**MATERIAL TO PROCESS**

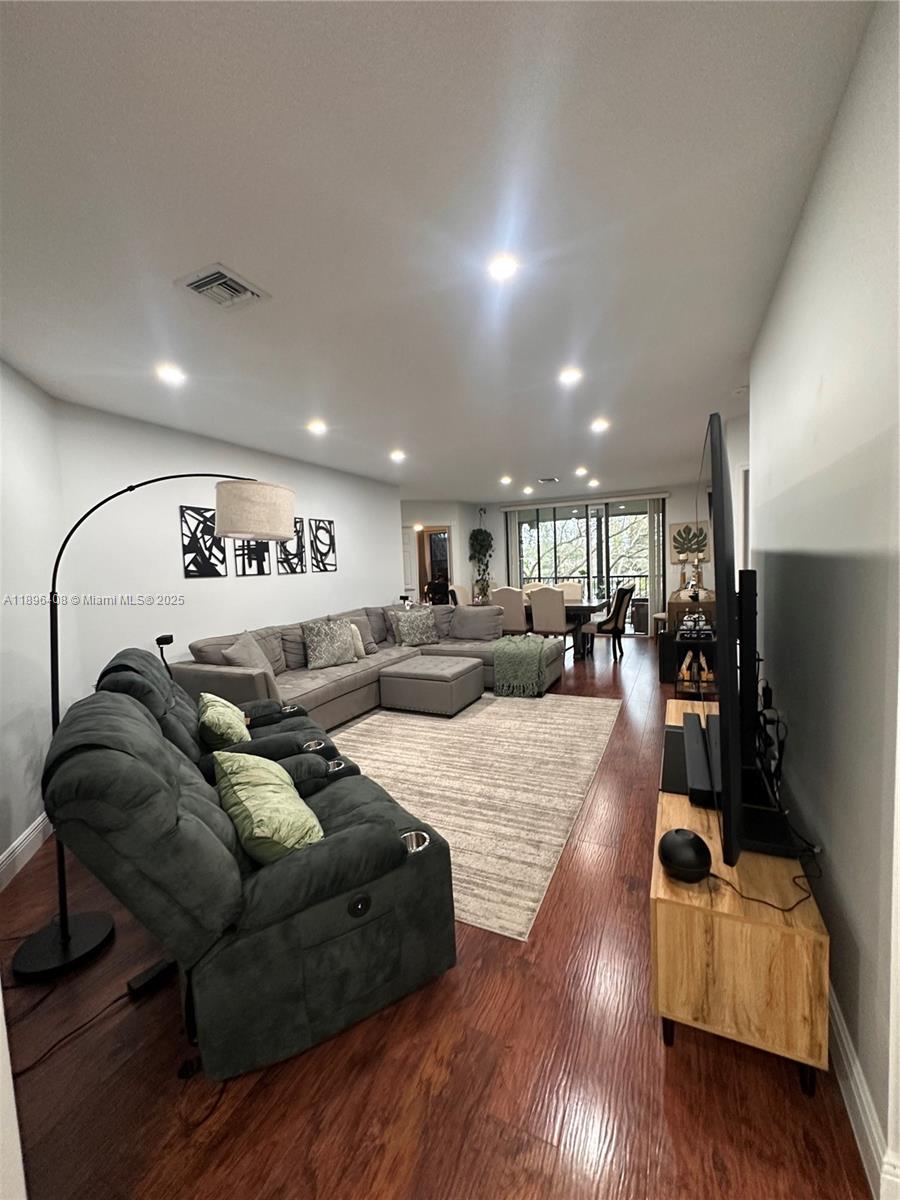 BAYPORT VILLAGE B CONDO - Residential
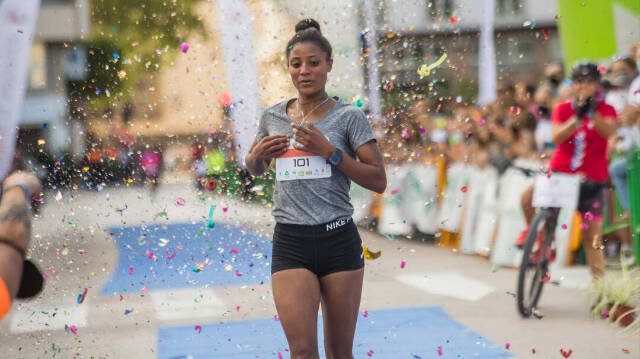 La corredora Tiruye Mesfin a su llegada a meta 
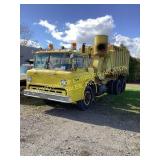 1973 FORD 900 CABOVER TANDEM AXLE W/ MOUNTED VAC-A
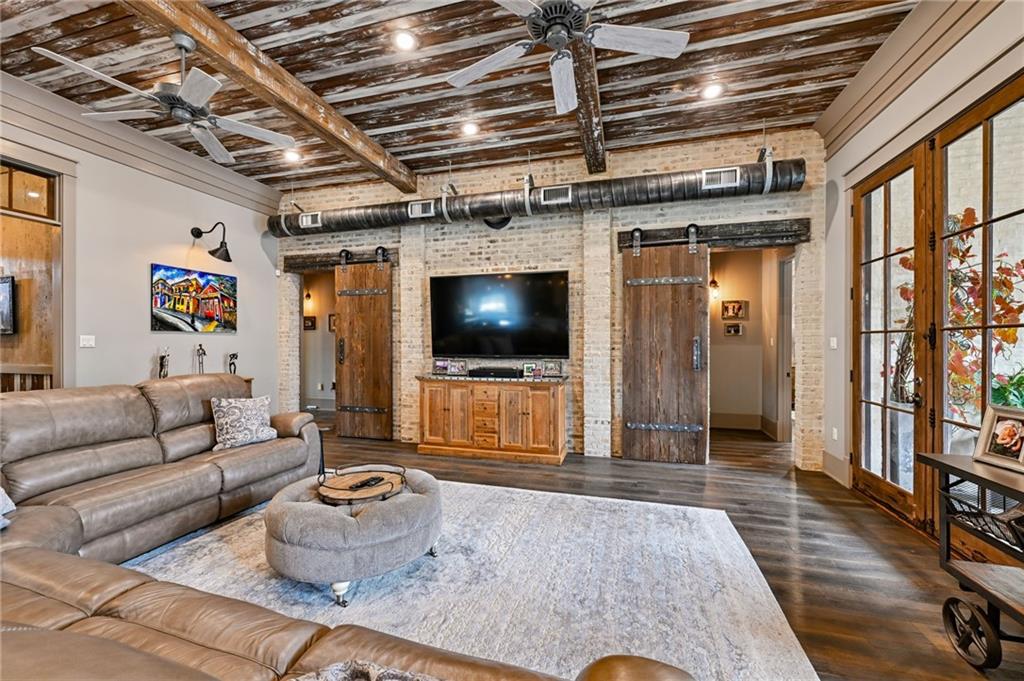 500 TALLOW TREE Drive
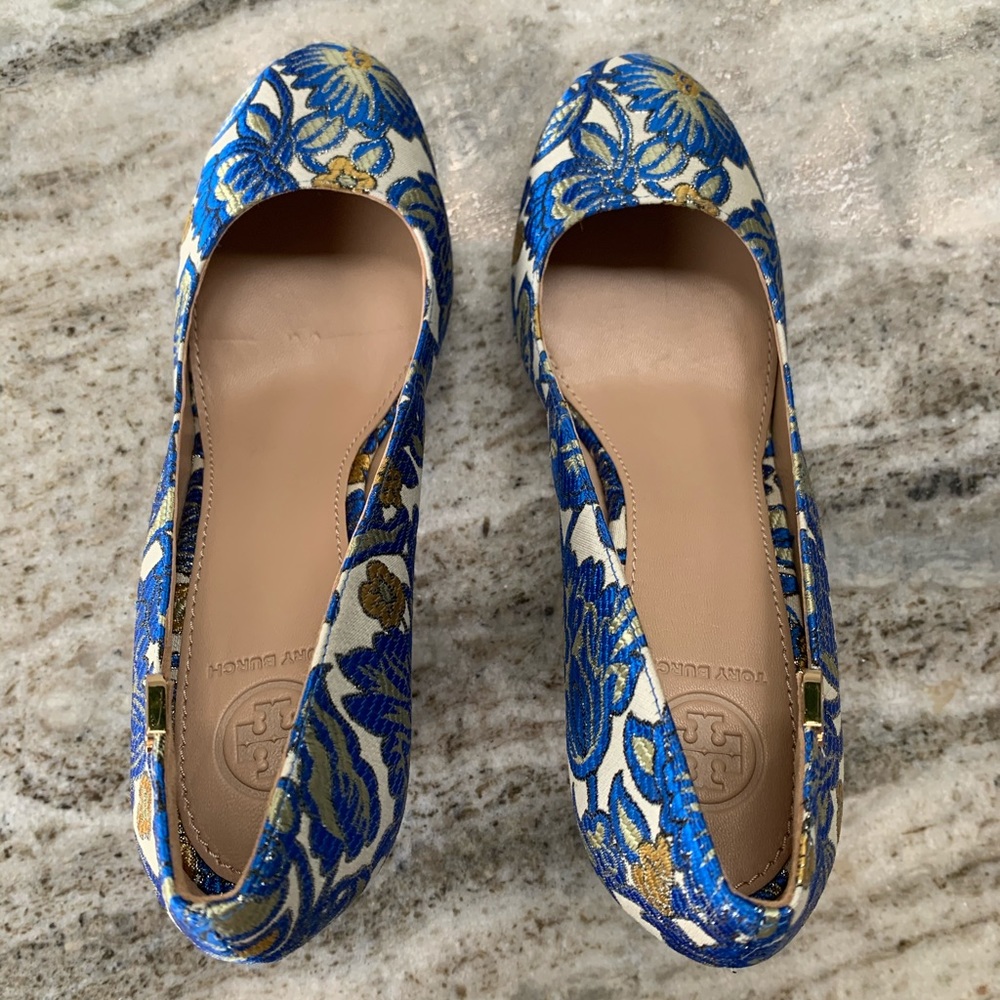 Tory Burch Round-toe Pump - Picture 7 of 8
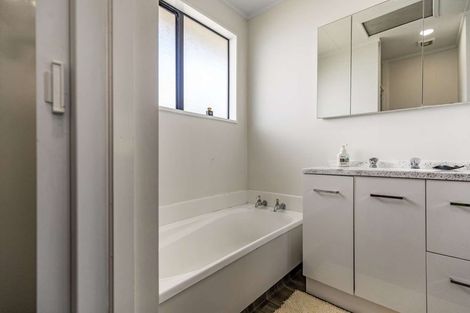 Photo of property in 12a Alverstoke Road, Parkvale, Tauranga, 3112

**WHAT IS BEING ASKED**
The output must be every line of the records, printed exactly, with the pictures omitted.

**COMPLETED TASK**
 BAYPORT VILLAGE B CONDO - Residential
 La corredora Tiruye Mesfin a su llegada a meta 
 1973 FORD 900 CABOVER TANDEM AXLE W/ MOUNTED VAC-A
 500 TALLOW TREE Drive
 Tory Burch Round-toe Pump - Picture 7 of 8
 Photo of property in 12a Alverstoke Road, Parkvale, Tauranga, 3112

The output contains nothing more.